Tvrtko Ursulin tvrtko.ursulin at linux.intel.com
Wed Aug 15 11:58:05 UTC 2018


On 14/08/2018 15:59, Lionel Landwerlin wrote:
> Hey Tvrtko,
> 
> Thanks for taking over this series.
> 
> I've been talking to developers using the i915/perf interface and from 
> their point of view, they expect the system to be in a stable 
> configuration when doing measurements.
> 
> One issue with this patch on Gen11 is that it will lock the system in a 
> configuration that isn't workable for media workloads (all subslices 
> enabled).
> So I think we should set the value for the locked configuration per 
> generation (gen8-10: all slices/subslices, gen11: only subslices that 
> contain VME samplers) so that we always get a functional configurations 
> for all workloads.
> Could we want to select that configuration when opening perf?

This would be via i915_perf.c/gen8_configure_all_contexts?

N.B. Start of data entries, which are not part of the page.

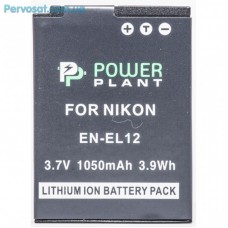 Акумулятор до фото/відео PowerPlant Nikon EN-EL12 (DV00DV1242) Акумулятор до фото/відео PowerPlant Nikon EN-EL12 (DV00DV1242)
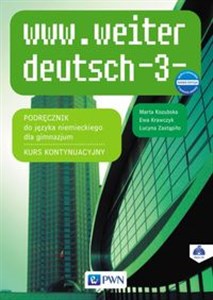 Bild von www.weiter deutsch 3 Podręcznik Kurs kontynuacyjny + CD Gimnazjum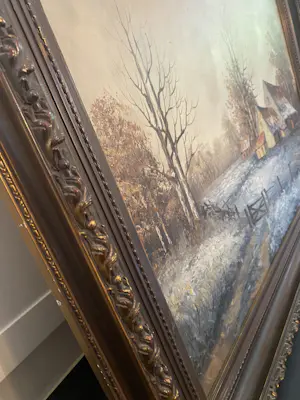 Henner Knauf - Landschaft kopen? Bied vanaf 150!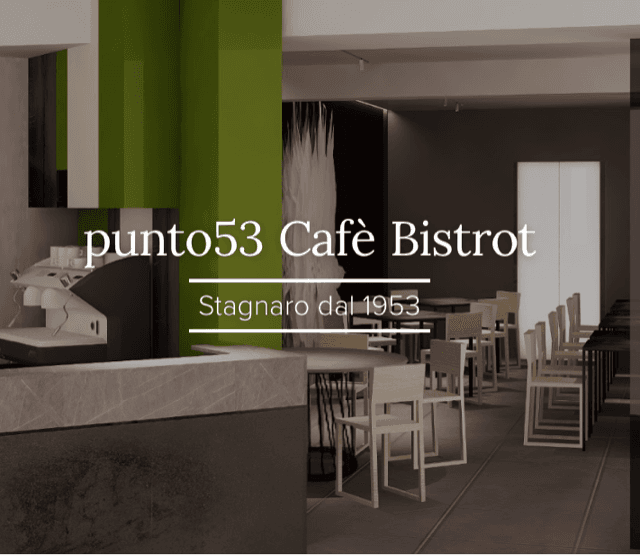 Immagine di copertina del ristorante Punto53 Cafè Bistrot - Stagnaro dal 1953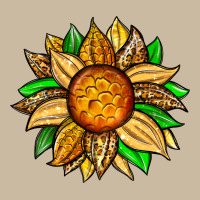Pineapple Sunflower Long Sleeve Tee | Teevron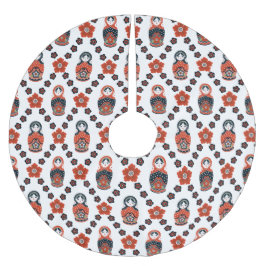 Cute Kerstmis Pattern Tree Skirt Kerstboom Rok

Sounds like an unfortunate but workable compromise. As long as there 
doesn't appear another asymmetric slice feature in the future, which 
doesn't align with VME. Like one workloads wants slices 0 & 2, another 
wants 1 & 3, or whatever. If that happens then I don't know what we do 
apart from locking out perf/OA.

> Another question is how do we expose the selected value to the user. But 
> that can be solved in a different series.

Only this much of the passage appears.